Etiquette Central and the Conundrums of the Universe (or: How to Acquire a Ridiculous Amount of Precious Jewels Though Etiquette Acumen)

People’s reaction to etiquette is either to dismiss it with a sniff or declare that they know, oh they know all about etiquette. Ha! The people who are insulting run back to etiquette’s loving embrace when they want permission to behave badly and the ones who brag are unaware that the first rule of etiquette is never state that you know how to behave. Simply and silently behave well: hat is the sacred decree of all etiquette mavens which I am breaking solely for your benefit, Darling. 

And this idea that etiquette is easy? Ha! Here’s a simple one for you: Edwina and Gilbertina go to lunch. The bill is $60. Edwina presents a membership card which gives a discount – the bill is now $50. Do they split the bill based on $60 or $50?

Etiquette Central lives and breathes for questions like this, word puzzles that make people who aced the LSATs sob into their duvets. To answer correctly one must know – Did one of them invite the other? Was it clear to both of them that they were splitting the bill? Who has more disposable income? Further: What is the financial relationship between the two? Have they been to this restaurant before and who choose it? Then we up the ante: Did Edwina PAY for the membership or was it given for free? Does one of the two have a habit of trying to wiggle out of paying? And onward: Was the total of what they ate about the same? Did one have more taxable food than the other?
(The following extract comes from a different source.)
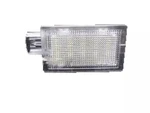 Genuine Ford Compartment Lamp 6E5Z-13A756-AA. Fixed Price $10.32.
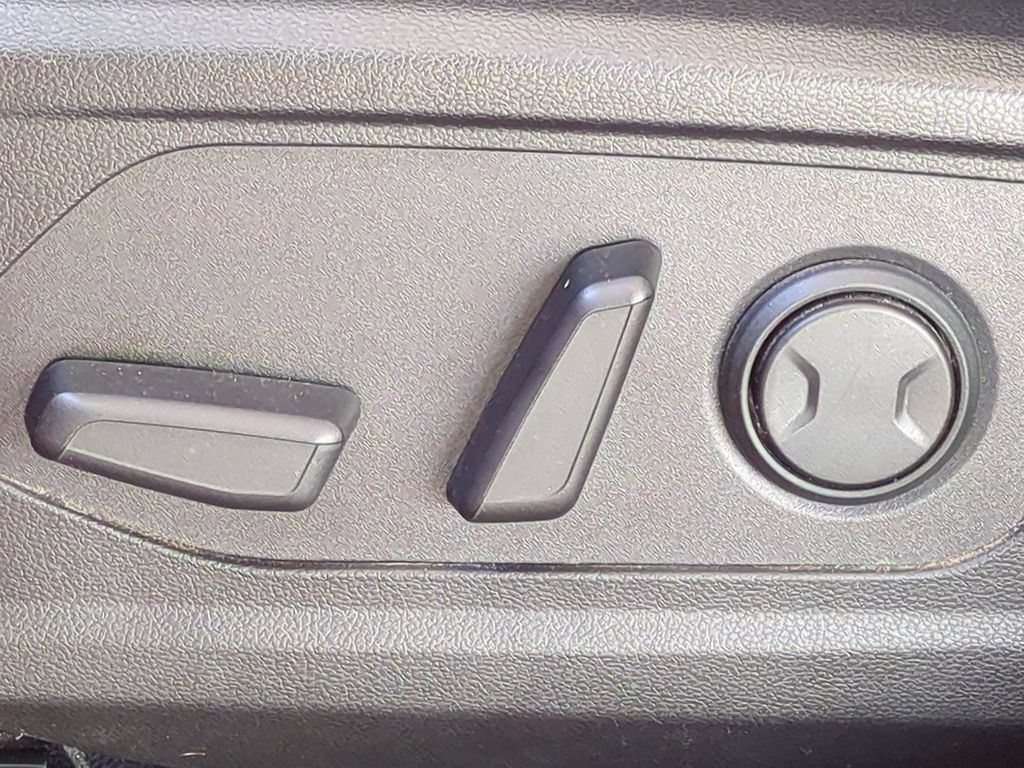 Thumbnail: 2022 Hyundai Tucson - 24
We can do this for hours. HOURS.

Giving the proper answers to etiquette questions is not a matter of looking in a book (or, Heaven Forfend!, look on-line) it requires skill, rum, delicacy, time, a huge library, hot buttered-scones, decades of experiences, mystic qualities and high-quality chocolates. You can’t rush greatness. You need to be thoroughly versed in alchemy, astronomy, astrology, ergonomics, economics, Pooh-sticks, reading runes and badminton.

People toss you a question like: “I am a bride-to-be and I would like to have only two dessert options at my wedding. Is that OK?” “Halt!” cries etiquette. Is it Tuesday? Is the barometer rising or falling? Are the peonies in bud? Hand over your coffee cup so I can look at the dregs and do you do your car maintenance as the manufacturer recommends?

Do you think I got these emeralds from the Viscountess because I rattled off an answer in three minutes? If you want a three-minute answer, you will get an answer that will result in you acquiring hives and a six-month suspended sentence with 400 hours of community service. Greatness takes times.

What is your favorite vegetable? How do the odds for betting on the Preakness look? What is your birth order and are you allergic to apricots? Questions such as these have resulted in my owning THREE, yes THREE, tiaras and a diamond brooch that would choke a hippopotamus.

Darling, I have too-too fabulous cuticles and enough bling to out-shine Vegas; when I walk into nice cafes, the waiters toss rose petals and lay down velvet cloaks for me to walk on. Etiquette wins.